Whether Intel taps the company’s own technology or a third-party foundry to manufacture its delayed 7-nanometer chips will be decided by early 2021, according to company CEO Bob Swan.
Swan made the comment on Thursday during an earnings call when he provided an update on Intel’s 7nm chips. The silicon was originally slated to arrive a year from now to help the chipmaker stay competitive with rival AMD. However, a defect in the manufacturing process has prompted Intel to delay the 7nm node to as far as early 2023.
“Since the last time we spoke, our 7nm process is doing very well,” Swan said, who added, “Now we deployed the fix and made wonderful progress.”
“But nonetheless, we are still going to evaluate third-party foundry versus our foundry across those three criteria.

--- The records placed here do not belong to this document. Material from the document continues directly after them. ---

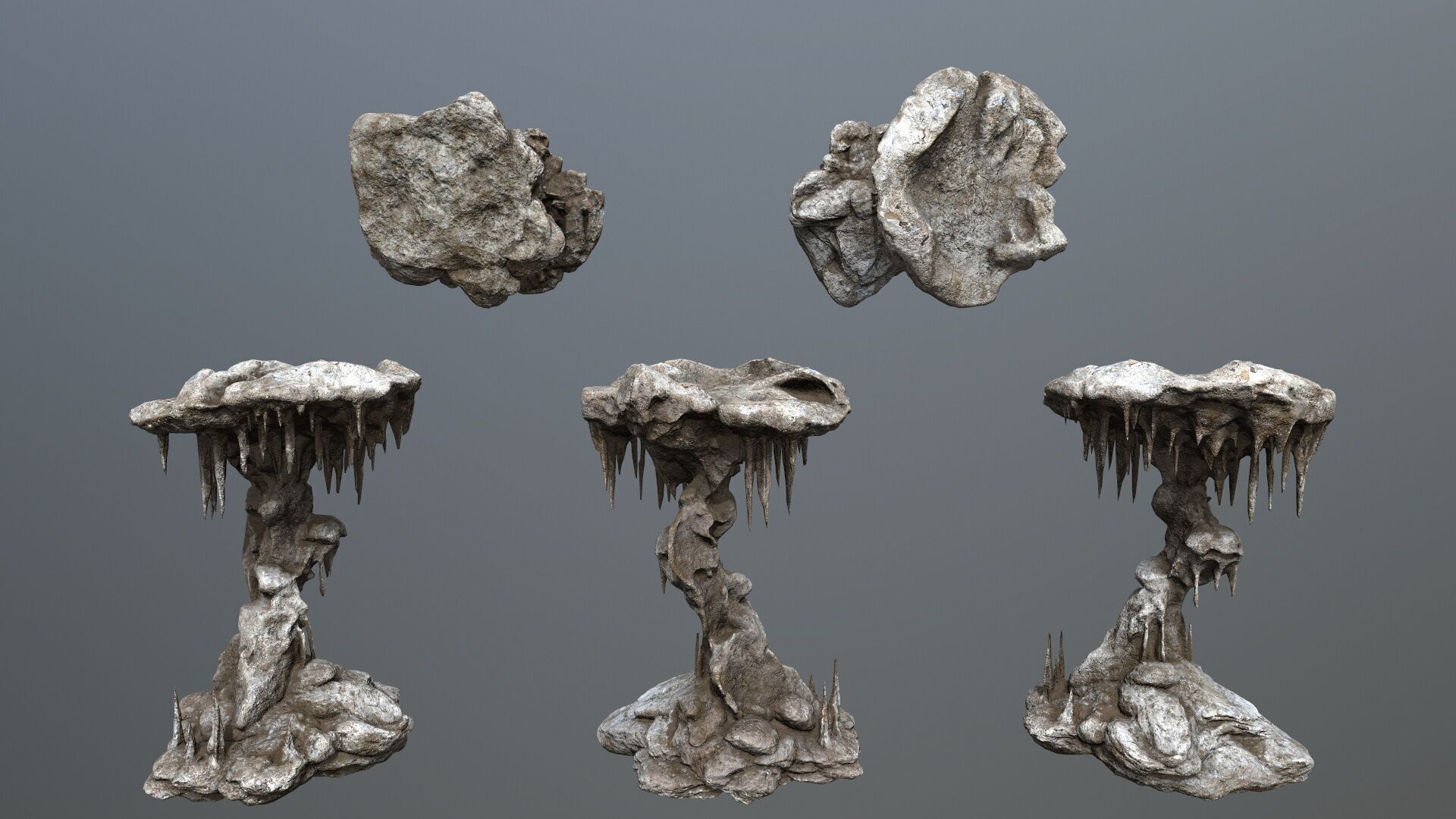 cave rocks Low-poly 3D model_1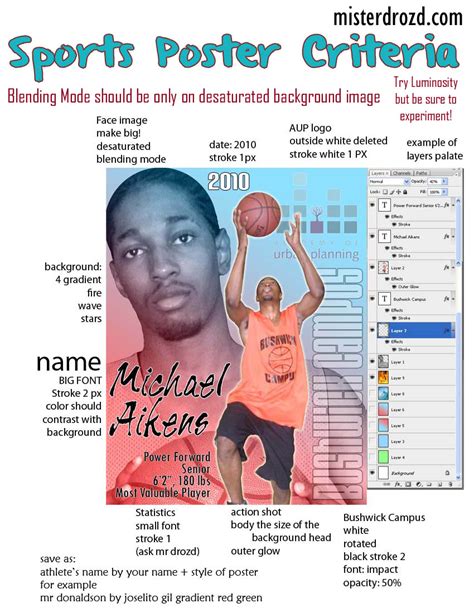 Graphic Design Projects: Assignment: sports poster instructions with ...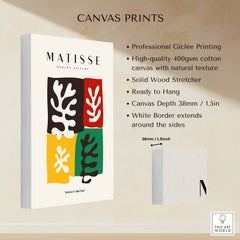 Matisse Art Prints - Four Blocks Abstract Leaves Color Poster showcasing professional Giclée printing on canvas.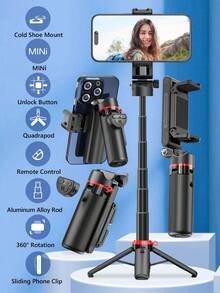 AXNEN New 3-In-1 Foldable Mini Wireless Selfie Stick & Phone Tripod With Wireless Remote - 3 Ways To Use, One-Button Open Retractable Floor Stand, Portable Lanyard, Perfect For Live Streaming, Christmas & Various Holidays, Travel, Outdoor Activities. - View 2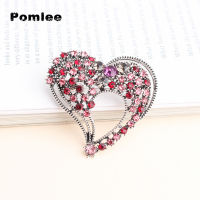 Pomlee Rhinestone เข็มกลัดหัวใจสำหรับผู้หญิงหวาน Peartl Rose สี Pin แฟชั่นวินเทจเข็มกลัดเครื่องประดับแฟชั่น New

And the call will be toward the end of this year, early next year,” he said.
According to Swan, Intel plans to decide the matter using three main criteria: schedule predictability, product performance, and economics with the supply chain.
“And we’re evaluating each one of those as we exit 2020 and really early 2021, because that’s the time we’ll have to make the determination as to whether we’re buying more 7nm equipment or whether a third-party foundry would be adding that capacity,” he added.

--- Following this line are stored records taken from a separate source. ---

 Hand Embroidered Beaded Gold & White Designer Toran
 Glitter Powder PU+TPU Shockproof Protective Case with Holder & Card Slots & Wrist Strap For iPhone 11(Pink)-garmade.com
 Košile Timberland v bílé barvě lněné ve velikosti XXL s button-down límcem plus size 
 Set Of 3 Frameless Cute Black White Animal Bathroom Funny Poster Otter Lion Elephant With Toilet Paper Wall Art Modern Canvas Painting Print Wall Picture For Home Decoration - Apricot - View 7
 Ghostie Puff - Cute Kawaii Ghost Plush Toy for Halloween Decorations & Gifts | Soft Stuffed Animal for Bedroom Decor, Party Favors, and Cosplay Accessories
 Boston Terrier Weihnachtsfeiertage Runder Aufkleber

If the company does choose a third-party foundry, then it opens the door for TSMC to play a role in producing Intel chips. That would be a stunning development for Intel, which has invested billions in building its own foundries. However, the company has struggled in recent years to advance the company’s 14nm chip-making process to 10nm, which only began producing CPU processors last year.

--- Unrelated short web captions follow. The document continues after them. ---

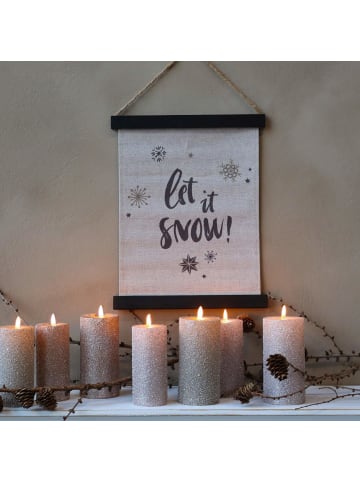 Chic Antique Leinwandbild Let it Snow in Natur | Schwarz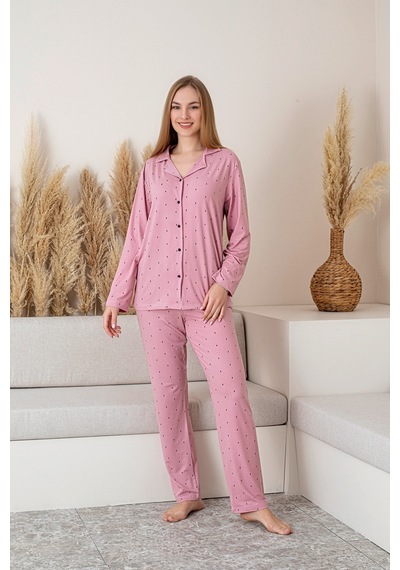 Nisanca Uzun Kollu Milan Gömlek Pijama Takımı- Soft Seri Pudra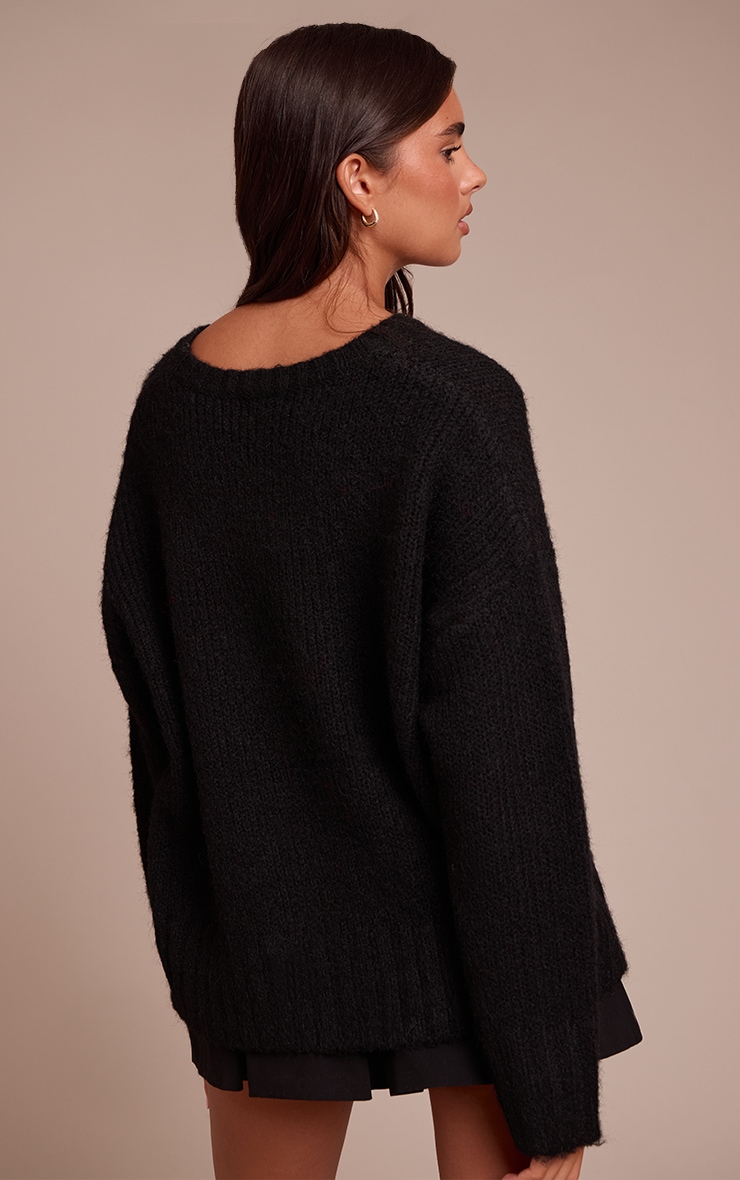Black Rib Detail Oversized Sweater image 2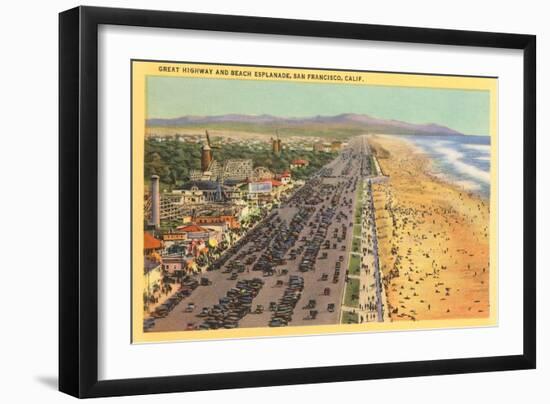 Beach Esplanade, San Francisco, California-null-Framed Art Print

TSMC, on the other hand, has already been using its own 7nm process to build PC processors for AMD. And the products have been receiving rave reviews from the tech media since AMD’s Zen 2 architecture launched last year. In addition, TSMC is already accepting chip orders on its 5nm process, which is expected to power next-generation AMD CPU chips in 2021.
If Intel does outsource the chip manufacturing to a third-party, it may not necessarily be for PC processors. The company is indicating the third-party manufacturing could be used for certain products, such as server chips. The outsourcing could also center around a “hybrid architecture” bringing together third-party silicon with Intel-produced components.
“Is it all or nothing? No, I would say we are looking at server, client. We look at big core, small core,” Swan said during the call. “It’s probably a mix in terms of the best path to ensure we have a predictable cadence of leadership products for 2023 and 2024.”
Swan didn’t name TSMC as a potential future partner for Intel. But he did say Intel is confident the company’s own technology can efficiently “port” over to TSMC if it’s chosen as a supplier.